S'exprimant au sujet du défi posé par le diagnostic précoce et précis des maladies infectieuses, le Dr Sanjeev Singh a déclaré que les résultats des cultures bactériennes traditionnelles et des tests de sensibilité aux antimicrobiens, qui peuvent prendre plusieurs jours, restent l'un des principaux obstacles à thérapie. Les paramètres de laboratoire actuellement disponibles, tels que le nombre de globules blancs et la protéine réactive C, ne sont pas spécifiques. Ces marqueurs de substitution peuvent ne pas conduire à un traitement définitif, mais plutôt à un traitement empirique. Des progrès tels que le diagnostic rapide, l'approche syndromique qui utilise la réaction en chaîne de la polymérase (PCR) pour multiplexer les infections, un meilleur diagnostic de la virologie et l'utilisation de meilleurs marqueurs comme la procalcitonine peuvent aider à la détection précoce des infections.
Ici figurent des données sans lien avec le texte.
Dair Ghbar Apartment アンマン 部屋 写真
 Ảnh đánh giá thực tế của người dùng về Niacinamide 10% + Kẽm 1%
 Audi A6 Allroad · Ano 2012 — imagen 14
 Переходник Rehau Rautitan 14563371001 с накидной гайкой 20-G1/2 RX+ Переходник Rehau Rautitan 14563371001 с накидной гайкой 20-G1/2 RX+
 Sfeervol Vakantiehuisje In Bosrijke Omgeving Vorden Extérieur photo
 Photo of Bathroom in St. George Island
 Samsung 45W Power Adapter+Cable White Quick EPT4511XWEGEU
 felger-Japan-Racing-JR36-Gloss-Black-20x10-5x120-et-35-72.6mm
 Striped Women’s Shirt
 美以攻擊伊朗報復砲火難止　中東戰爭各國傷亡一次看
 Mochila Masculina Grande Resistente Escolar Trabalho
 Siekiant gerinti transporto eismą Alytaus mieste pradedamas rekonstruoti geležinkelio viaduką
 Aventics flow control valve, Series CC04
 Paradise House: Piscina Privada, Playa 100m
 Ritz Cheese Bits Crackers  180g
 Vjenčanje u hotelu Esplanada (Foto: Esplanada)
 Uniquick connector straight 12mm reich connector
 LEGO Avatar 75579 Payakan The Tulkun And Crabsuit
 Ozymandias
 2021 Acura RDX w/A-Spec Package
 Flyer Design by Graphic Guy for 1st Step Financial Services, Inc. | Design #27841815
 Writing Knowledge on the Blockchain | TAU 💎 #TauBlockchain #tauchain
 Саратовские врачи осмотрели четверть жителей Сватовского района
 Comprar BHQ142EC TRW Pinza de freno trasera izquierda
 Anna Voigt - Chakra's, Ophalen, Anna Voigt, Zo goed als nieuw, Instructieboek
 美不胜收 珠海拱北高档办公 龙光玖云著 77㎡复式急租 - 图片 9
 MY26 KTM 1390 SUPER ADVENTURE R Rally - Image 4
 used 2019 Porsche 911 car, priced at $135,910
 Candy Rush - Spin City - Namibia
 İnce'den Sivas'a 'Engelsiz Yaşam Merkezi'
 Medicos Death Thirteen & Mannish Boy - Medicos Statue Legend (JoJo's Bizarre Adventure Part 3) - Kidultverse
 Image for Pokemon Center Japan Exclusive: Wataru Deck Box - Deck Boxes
Il a ajouté que malgré l'augmentation de la résistance aux antibiotiques, je ne pensais pas que le monde entrerait dans l'ère post-antibiotique en raison des progrès de la technologie et du recours au diagnostic rapide. Si en effet, un tel état est atteint, des mesures telles que de bonnes pratiques d'hygiène, une élimination sûre des déchets, la vaccination contre les maladies pouvant être prévenues par un vaccin et de bonnes pratiques de contrôle des infections peuvent aider au traitement.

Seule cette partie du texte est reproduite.